__What is being asked__
Below are the entries; state how many of their lines contain the string "Slide", and nothing more.

__Stored data__
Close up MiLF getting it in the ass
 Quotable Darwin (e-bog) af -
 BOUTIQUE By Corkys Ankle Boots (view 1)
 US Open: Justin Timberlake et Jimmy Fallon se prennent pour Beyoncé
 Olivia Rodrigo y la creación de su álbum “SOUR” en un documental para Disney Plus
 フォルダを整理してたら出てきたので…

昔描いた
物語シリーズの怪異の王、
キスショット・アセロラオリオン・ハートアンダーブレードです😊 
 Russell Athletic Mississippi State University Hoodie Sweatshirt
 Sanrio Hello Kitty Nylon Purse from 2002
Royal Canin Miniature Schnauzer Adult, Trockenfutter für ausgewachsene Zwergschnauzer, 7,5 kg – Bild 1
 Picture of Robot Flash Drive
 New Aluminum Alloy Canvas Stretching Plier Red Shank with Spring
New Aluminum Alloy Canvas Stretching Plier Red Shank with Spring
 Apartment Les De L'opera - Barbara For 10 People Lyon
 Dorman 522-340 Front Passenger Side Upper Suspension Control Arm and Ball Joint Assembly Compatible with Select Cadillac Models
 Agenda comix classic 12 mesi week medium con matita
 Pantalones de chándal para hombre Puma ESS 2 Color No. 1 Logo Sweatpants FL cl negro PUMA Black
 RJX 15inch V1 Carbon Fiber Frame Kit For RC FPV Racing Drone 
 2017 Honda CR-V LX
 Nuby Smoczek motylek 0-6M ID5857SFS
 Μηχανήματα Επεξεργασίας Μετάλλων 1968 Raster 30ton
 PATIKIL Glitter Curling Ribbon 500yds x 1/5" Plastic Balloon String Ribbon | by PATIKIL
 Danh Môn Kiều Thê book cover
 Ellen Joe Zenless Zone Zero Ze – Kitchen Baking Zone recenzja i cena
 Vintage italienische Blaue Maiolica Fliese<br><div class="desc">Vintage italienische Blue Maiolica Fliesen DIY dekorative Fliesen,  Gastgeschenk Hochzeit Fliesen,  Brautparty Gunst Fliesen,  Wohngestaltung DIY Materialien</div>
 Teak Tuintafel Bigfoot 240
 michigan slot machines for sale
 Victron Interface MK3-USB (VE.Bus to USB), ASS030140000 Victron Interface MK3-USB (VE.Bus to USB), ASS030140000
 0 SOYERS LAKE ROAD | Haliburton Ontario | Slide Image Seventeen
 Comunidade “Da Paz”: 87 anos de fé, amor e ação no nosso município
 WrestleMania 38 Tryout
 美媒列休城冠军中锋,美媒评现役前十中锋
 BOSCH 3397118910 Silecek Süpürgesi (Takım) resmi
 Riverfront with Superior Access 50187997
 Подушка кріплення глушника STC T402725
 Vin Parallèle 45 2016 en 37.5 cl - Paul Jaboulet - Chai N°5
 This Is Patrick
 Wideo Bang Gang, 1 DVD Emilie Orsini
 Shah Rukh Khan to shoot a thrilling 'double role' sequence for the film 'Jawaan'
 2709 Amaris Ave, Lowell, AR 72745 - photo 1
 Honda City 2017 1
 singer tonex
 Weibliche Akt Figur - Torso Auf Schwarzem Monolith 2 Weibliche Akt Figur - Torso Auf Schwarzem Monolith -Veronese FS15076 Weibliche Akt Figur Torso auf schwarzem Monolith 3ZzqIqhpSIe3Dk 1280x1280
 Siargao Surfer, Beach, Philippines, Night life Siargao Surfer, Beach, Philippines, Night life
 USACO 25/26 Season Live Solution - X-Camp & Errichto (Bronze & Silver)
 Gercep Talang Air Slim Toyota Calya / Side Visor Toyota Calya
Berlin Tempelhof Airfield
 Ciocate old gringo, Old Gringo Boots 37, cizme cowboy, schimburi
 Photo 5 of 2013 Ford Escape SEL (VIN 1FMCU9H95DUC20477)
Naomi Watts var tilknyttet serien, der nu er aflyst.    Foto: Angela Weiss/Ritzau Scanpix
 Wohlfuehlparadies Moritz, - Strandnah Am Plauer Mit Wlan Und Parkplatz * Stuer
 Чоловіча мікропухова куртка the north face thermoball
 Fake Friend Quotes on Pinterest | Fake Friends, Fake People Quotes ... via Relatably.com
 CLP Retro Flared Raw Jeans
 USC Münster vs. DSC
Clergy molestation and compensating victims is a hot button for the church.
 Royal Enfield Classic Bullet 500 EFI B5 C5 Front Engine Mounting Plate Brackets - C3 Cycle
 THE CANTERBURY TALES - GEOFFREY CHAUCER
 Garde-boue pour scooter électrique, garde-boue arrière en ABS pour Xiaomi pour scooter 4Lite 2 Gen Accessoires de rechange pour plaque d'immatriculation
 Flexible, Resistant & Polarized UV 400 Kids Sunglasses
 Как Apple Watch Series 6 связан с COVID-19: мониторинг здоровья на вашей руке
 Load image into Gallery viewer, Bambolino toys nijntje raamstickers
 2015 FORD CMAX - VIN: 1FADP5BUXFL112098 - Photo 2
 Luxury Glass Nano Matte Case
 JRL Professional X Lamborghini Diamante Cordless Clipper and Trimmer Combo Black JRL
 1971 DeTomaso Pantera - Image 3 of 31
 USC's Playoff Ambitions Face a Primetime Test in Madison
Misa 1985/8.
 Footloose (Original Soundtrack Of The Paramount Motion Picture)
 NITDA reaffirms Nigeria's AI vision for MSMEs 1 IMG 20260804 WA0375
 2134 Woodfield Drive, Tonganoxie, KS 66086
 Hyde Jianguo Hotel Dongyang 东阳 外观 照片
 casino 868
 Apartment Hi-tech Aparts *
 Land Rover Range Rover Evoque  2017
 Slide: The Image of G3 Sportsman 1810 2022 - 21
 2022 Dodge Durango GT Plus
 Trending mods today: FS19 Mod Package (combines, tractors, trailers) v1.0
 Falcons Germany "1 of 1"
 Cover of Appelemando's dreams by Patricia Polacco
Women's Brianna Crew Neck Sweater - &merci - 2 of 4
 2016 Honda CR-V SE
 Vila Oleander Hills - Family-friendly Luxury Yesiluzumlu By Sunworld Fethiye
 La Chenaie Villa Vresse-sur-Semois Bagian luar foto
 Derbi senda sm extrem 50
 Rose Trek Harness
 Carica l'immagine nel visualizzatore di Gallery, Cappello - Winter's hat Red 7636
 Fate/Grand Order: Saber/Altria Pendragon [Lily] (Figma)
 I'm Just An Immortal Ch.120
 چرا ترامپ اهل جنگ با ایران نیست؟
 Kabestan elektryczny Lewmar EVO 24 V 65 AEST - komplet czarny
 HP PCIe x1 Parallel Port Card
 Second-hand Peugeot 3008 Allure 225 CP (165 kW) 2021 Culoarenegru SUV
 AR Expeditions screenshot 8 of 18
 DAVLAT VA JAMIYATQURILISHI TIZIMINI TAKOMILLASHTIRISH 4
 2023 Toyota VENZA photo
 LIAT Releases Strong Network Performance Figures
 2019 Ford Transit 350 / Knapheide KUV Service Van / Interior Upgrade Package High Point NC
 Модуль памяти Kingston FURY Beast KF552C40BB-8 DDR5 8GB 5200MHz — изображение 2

__Expected output__
2